Unos años antes, en 1864, cuando todavía residía en La Habana, la escritora había otorgado testamento ante el notario Antonio Carlos Rodríguez. Buena parte de sus codicilos están dedicados a limosnas o legados para familiares y amigos, no demasiado grandes porque sus medios económicos no eran dilatados. Pero llama especialmente la atención el número 19:
Dono la propiedad de todas mis obras literarias que me pertenezcan, a la Real Academia Española de la Lengua, en testimonio de aprecio, y rogando a mis albaceas que, al poner en conocimiento de la ilustre Corporación esta donación mía, le expresen mi sincero deseo de que me perdonen sus dignos miembros las ligerezas e injusticias en que pude incurrir, resentida, cuando acordó la Academia, hace algunos años, no admitir en su seno a ningún individuo de mi sexo.
Que sepamos, “la ilustre Corporación” no mostró mayor interés en tal legado, de hecho, no tenemos noticia de que se encargara de atesorar o promover los textos de la poetisa y cuando en 1912 se editaron sus Obras en Cuba, estas debieron ser costeadas por instituciones y particulares de la Isla.
Si, hasta hoy, la crítica literaria, con diversos pretextos, se ha resistido a aceptar el corpus lírico de la escritora como unidad y apenas se le recibe en la “república de las letras” como autora de tres o cuatro poemas antológicos, es porque la mirada reduccionista se ha negado a reconocer las tensiones que otorgan un perfil singular al conjunto: que alternen en él la efusión vitalista con la racionalidad de la oda cívica o reflexiva, que el espíritu romántico aparezca habitualmente en compromiso con una muy clásica obsesión por el oficio y sobre todo, que su poesía, en continuo diálogo intertextual con la gran tradición literaria española, no se convierta de modo directo en un itinerario confesional, como lo hace su correspondencia amorosa, sino que pretenda, de modo más o menos racional y obsesivo, la marcada condición de escritura literaria. Es llamativo que el vanguardista siglo XX haya seguido reprochándole lo mismo que sus contemporáneos: el procurar ser una escritora de la pluralidad, con todas sus consecuencias, en vez de regalarnos, apenas, el diario de un corazón sentimental.
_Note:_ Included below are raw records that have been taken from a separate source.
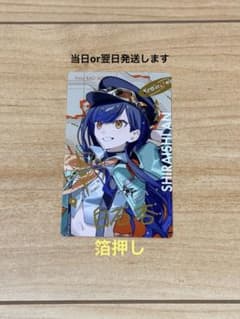 【箔押し】プロセカ　セカライ　エピカ　白石杏のサムネイル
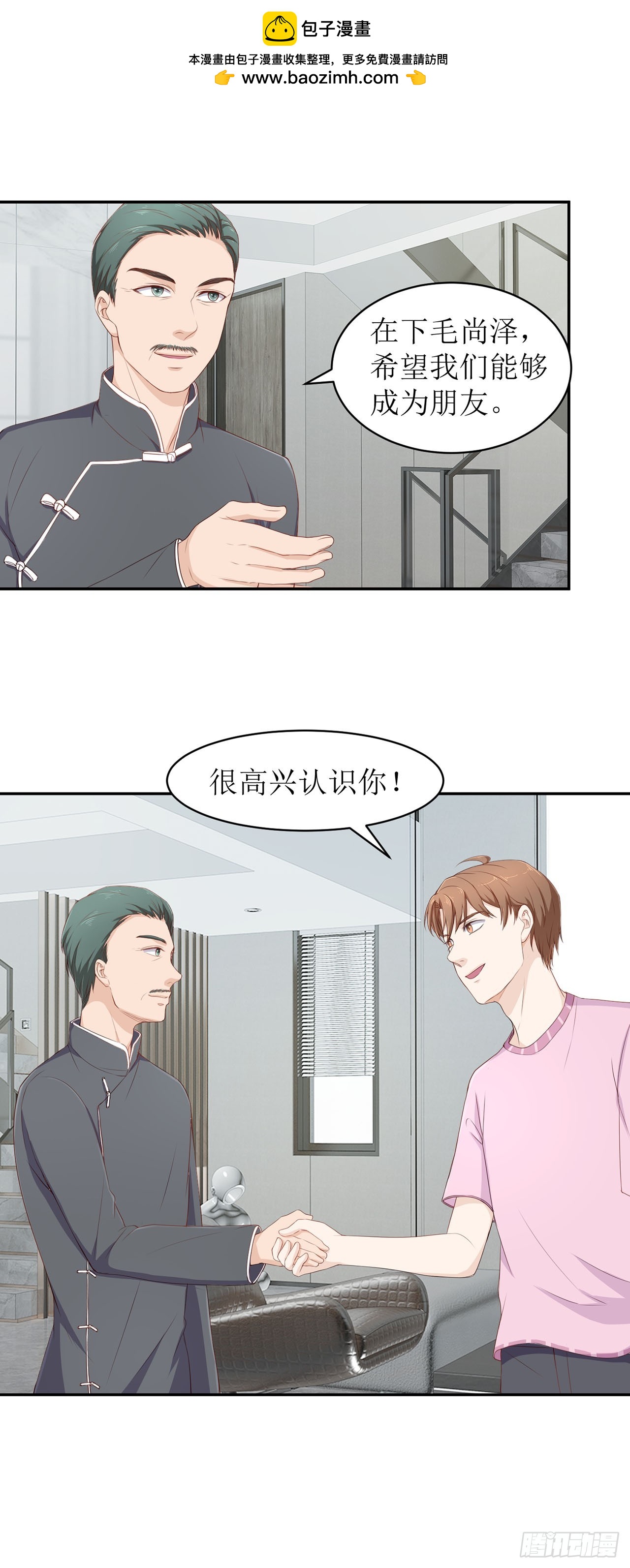 第55话-第55话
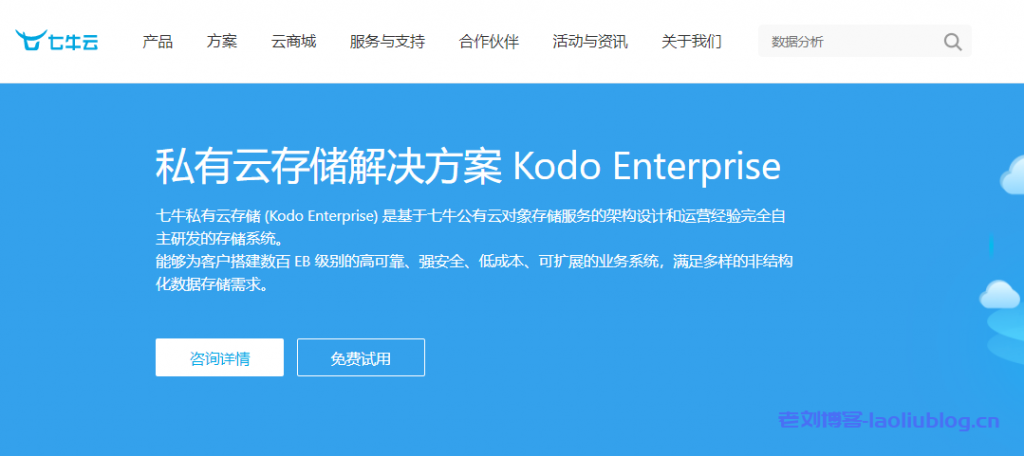 qiniu七牛云私有云存储解决方案Kodo Enterprise优势、技术规格和适用场景介绍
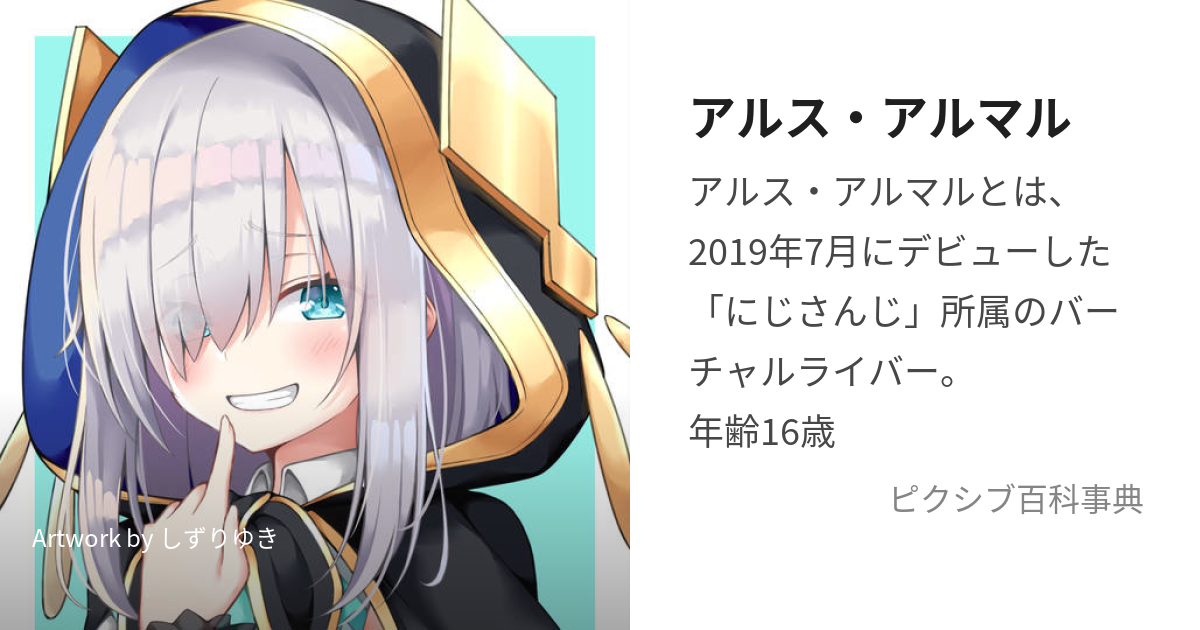 アルスアルマルが炎上して引退って本当?性格悪い噂や不仲説の真相も!rodial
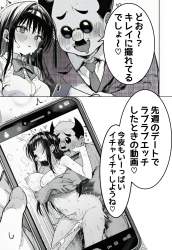 1076818 B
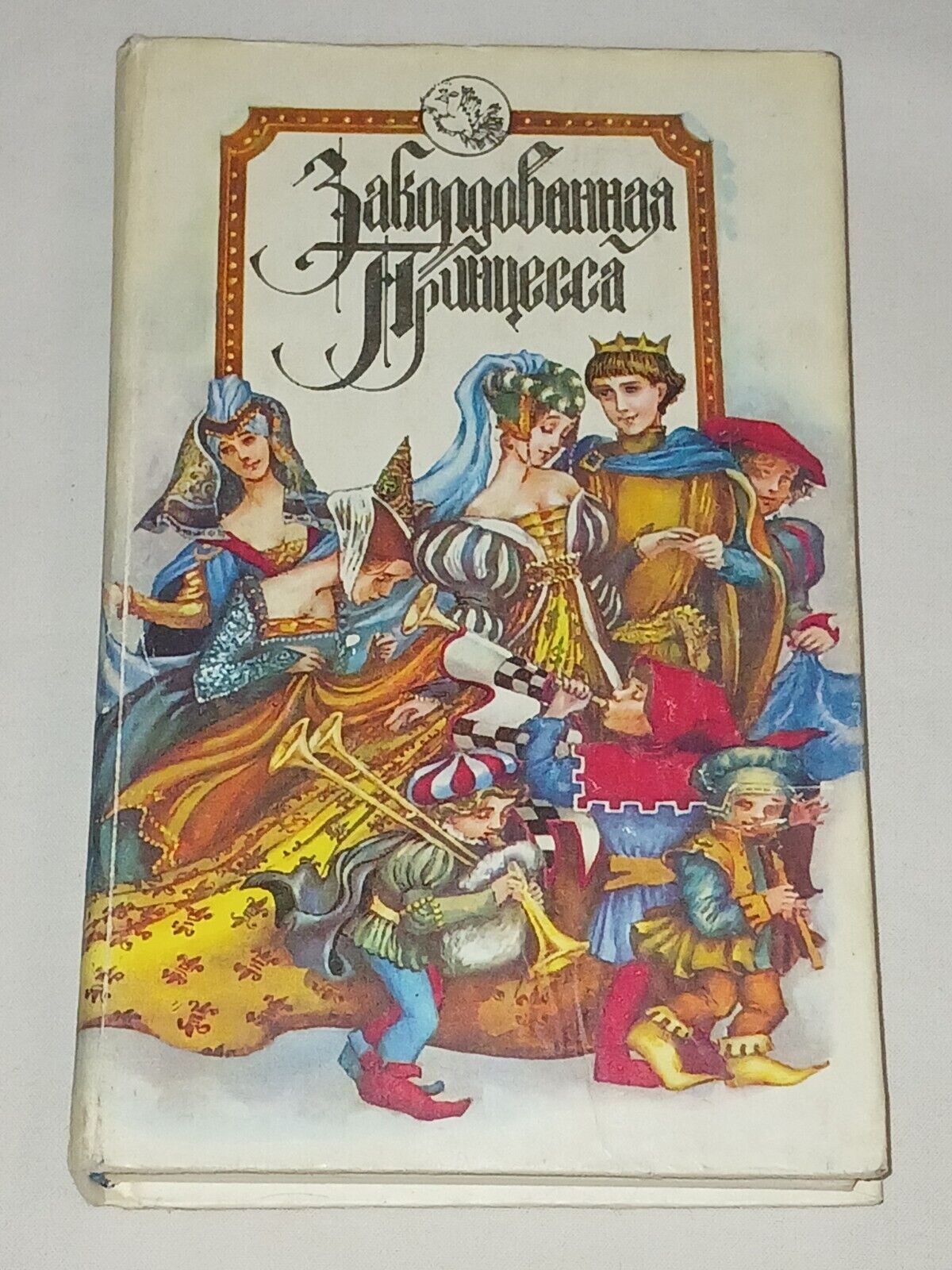 1993 Enchanted princess. Soviet vintage book USSR in Ukrainian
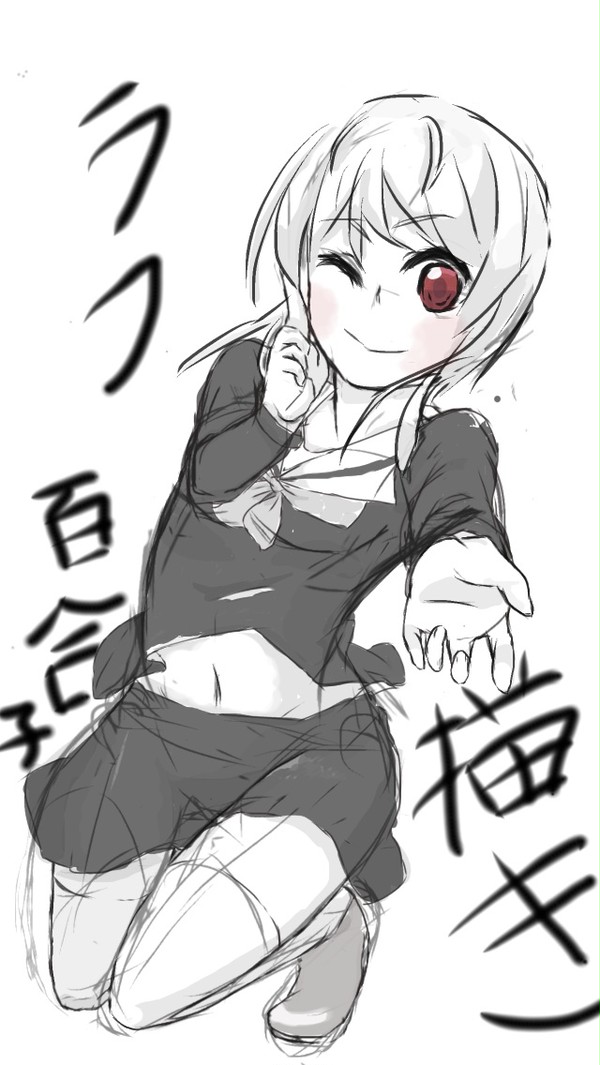 百合子っっ！！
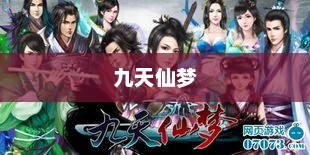 九天仙梦，探寻奇幻世界的奥秘九天仙梦真的能赚钱吗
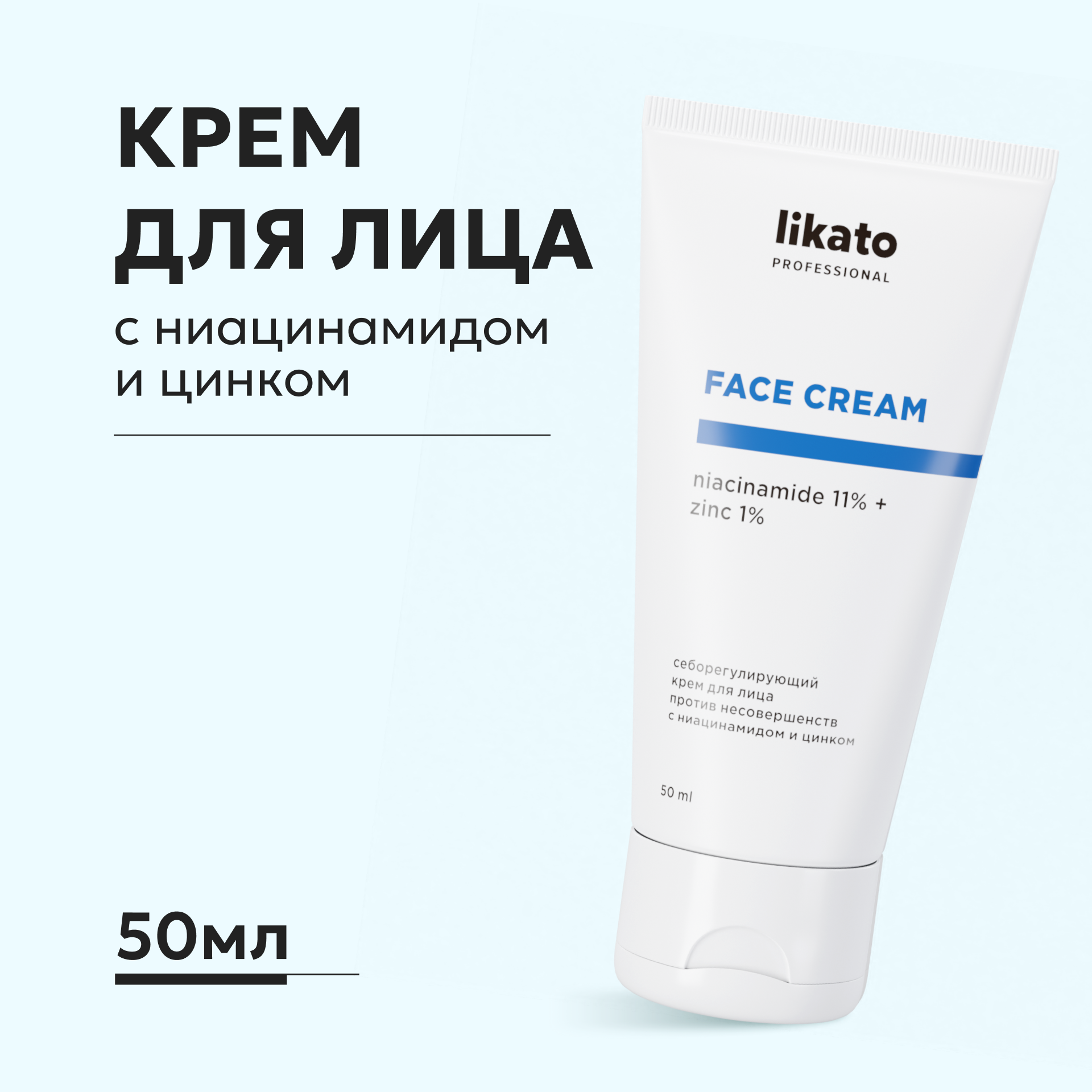 Крем Likato Professional Себорегулирующий 50 мл - фото 1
Todo empeño de reducir a la Avellaneda a un modo de escritura, a una actitud dominante, a una poética definida que permita encasillarla, resulta vano. Así como a lo largo de su vida le fue muy difícil a la Peregrina el sujetarse a normas sociales, su obra se resiste a un orden y jerarquización, en ella no puede hablarse de una tendencia única, se trata de un discurso quebrado, fragmentario, cuya elocuencia está precisamente en ensayar los más variados registros y comunicar las más diversas actitudes, muchas veces contradictorias. Su grandeza tiene que ver, más que con la difícil coherencia interna de su escritura, con la altura de sus empeños y con la densidad de significados que arroja el más elemental análisis de sus textos.
Dos poetas inauguran nuestra literatura: José María Heredia y Gertrudis Gómez de Avellaneda. A ambos los toca la mayor grandeza: el intentar lo imposible. Él, forjador de la patria utópica, sueña para la Isla una literatura fuerte y virtuosa, siente el desafío de encajar su obra como pórtico de esa república patricia que tiene algo de Byron y mucho de Virgilio. La Avellaneda va por más complicados derroteros para vencer dos resistencias fundamentales: hija de Puerto Príncipe, se propone y logra la consagración en las letras metropolitanas; mujer, transgrede los límites que en la escritura se concedían a su género y procura forjarse una voz absoluta —tan masculina como femenina— la única que puede traducir su ansia de canto total.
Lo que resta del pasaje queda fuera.